The film is up for three IFTA nominations in total with Jordanne Jones receiving an IFTA nomination for Best Actress for her leading performance with Frank Berry also receiving a nomination for his script.

Also nominated for three IFTA Awards this year is Stephen Bradley’s biopic ‘Noble’.

Chronicling the life of children’s rights activist and humanitarian Christina Noble, who overcame a harsh childhood to find her destiny on the streets of Saigon, fourteen years after the end of the war. The film captures the drama of a life that has culminated in Christina helping almost a million street-children and their families in Vietnam and Mongolia.

Written and directed by Bradley, the film stars Deirdre O Kane, Ruth Negga, Sarah Greene and Liam Cunningham. Released to cinemas last year, the film was described by the Hollywood Reporter as “a joyful and rousing affirmation of the human spirit that will resound widely” while Roger Ebert in one of his last film reviews called the film “engrossing” The Irish Times stated that the film “will do very nicely as tribute and shameless crowdpleaser.” The film was also honoured with the Panavision Spirit Award for Independent Cinema, at last year’s Santa Barbara International Film Festival.

The film is also nominated for Best Actress (Deirdre O Kane) and Best Supporting Actress (Sarah Greene) who both played Christina at different stages of her life.

Terry McMahon’s ‘Patrick’s Day’ is up for nine nominations this year (tying with ‘Frank’ for the most nominations).

Written and directed by McMahon, ‘Patrick’s Day’ follows Patrick, a 26 year old schizophrenic who falls in love with an alcoholic, suicidal air-hostess with the relationship they share transforming both of their lives. However, Patrick’s obsessive mother believes their misguided love is dangerous and so to pull them apart, enlists the help of a dysfunctional detective who will use his position to help her.

After a very successful festival run which saw it receive awards at festivals such as Galway, Cork, Woodstock and Michigan – ‘Patrick’s Day’ was released to Irish cinemas earlier this year earning praise from critics and mental health professionals such as Professor Ivor Browne.

The Irish Times have called the film “a fascinating collision of psychiatric drama and state-of-the nation address”. The performances have been widely praised, particularly that of lead actor Moe Dunford.
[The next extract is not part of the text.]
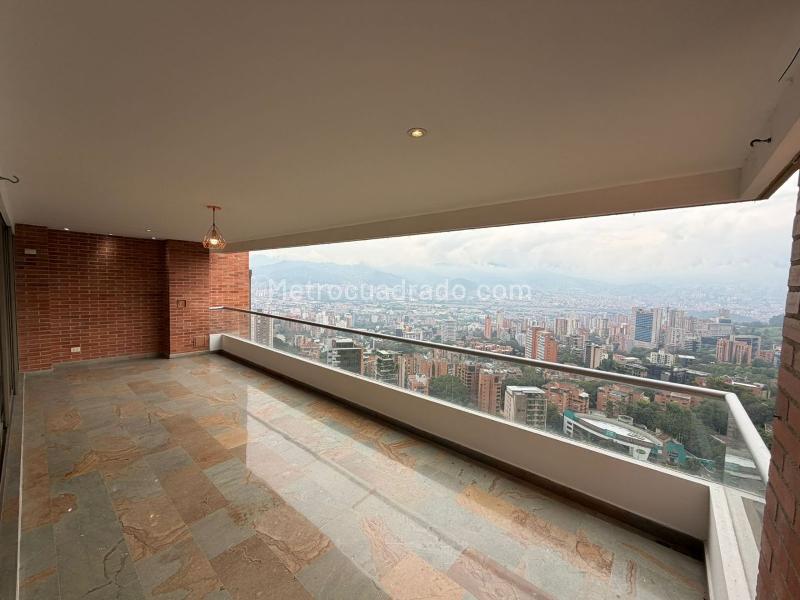 Luxurious 3BR Apartment in El Poblado Alto - 3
He has so far received an EFP Shooting Star Award as well as being nominated for this year’s IFTA Rising Star Award.

‘Patrick’s Day’ has been nominated for Best Director (Terry McMahon), Best Script (also Terry McMahon), Best Actor (Moe Dunford), Best Supporting Actress (Catherine Walker), Best Sound (Hugh Fox, Nikki Moss and Ken Galvin), Original Score (Ray Harman), Editing (Emer Reynolds) and Cinematography (Michael Lavelle).
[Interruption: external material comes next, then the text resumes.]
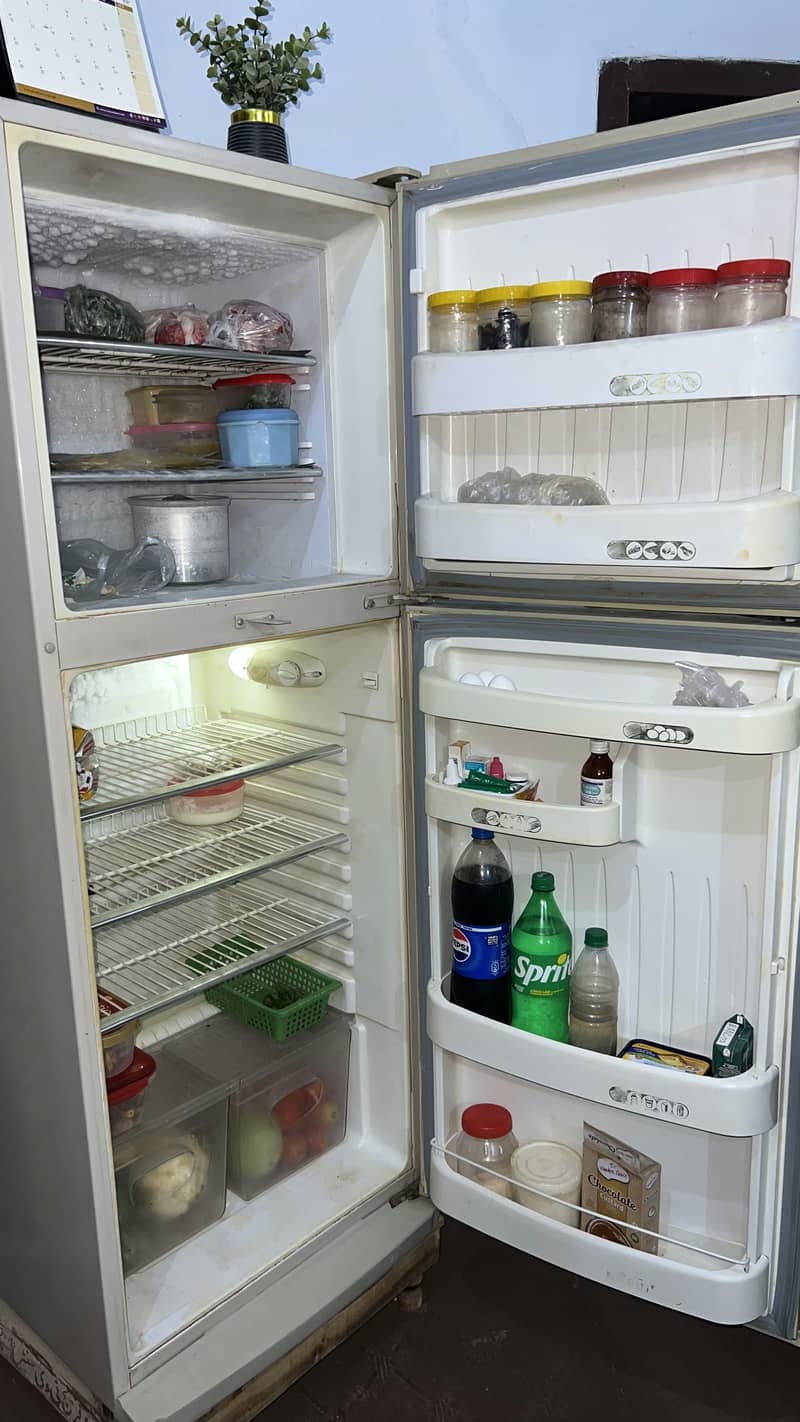 Orient refrigerator large size 1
Rounding out this list is Cartoon’s Saloon’s animated film ‘Song of the Sea’.

Screening to rapturous receptions around the world, Tomm Moore’s follow up to the Oscar-nominated ‘The Secret of Kells’ has had a busy awards season getting nominated for an Oscar, seven Annie Awards and a Cesar Award for Best Animated Film as well as winning a Satellite Award.
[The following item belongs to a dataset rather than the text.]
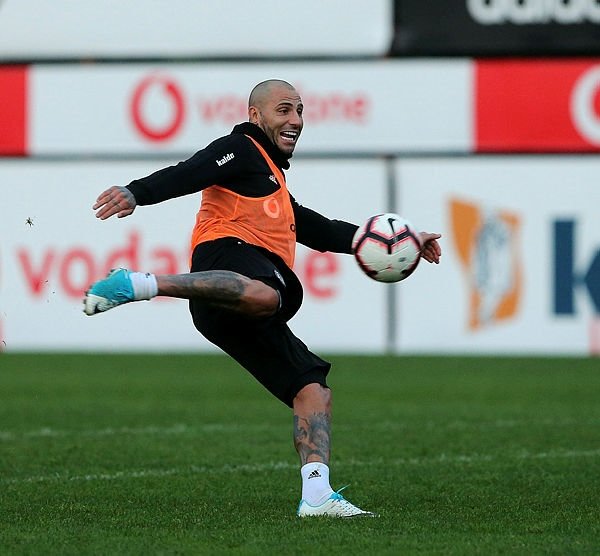 Quaresma’ya Çin kancası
The film tells the story of Saoirse, a little girl who can turn into a seal, who goes on an adventure with her brother to save the spirit world and other magical beings like her. It features the voice talents of Brendan Gleeson, Fionnula Flanagan and Lisa Hannigan and has been praised for the high quality of its’ animation, it’s direction as well as its’ story written by Will Collins.

Writing in the Toronto Review, Carlos Aguilar said of the film: "Watching 'Song of the Sea' it is easy to assert that this is one of the most blissfully beautiful animated films ever made. It is a gem beaming with awe-inspiring, heartwarming magic". Variety have also described the film as a very “poetic experience”.

‘Song of the Sea’ writer Will Collins has also been nominated for his script at this year’s IFTA Awards.

The IFTA Film & Drama Awards takes place on Sunday, May 24 with TV3 airing a one-hour special on the ceremony on Monday, June 1st.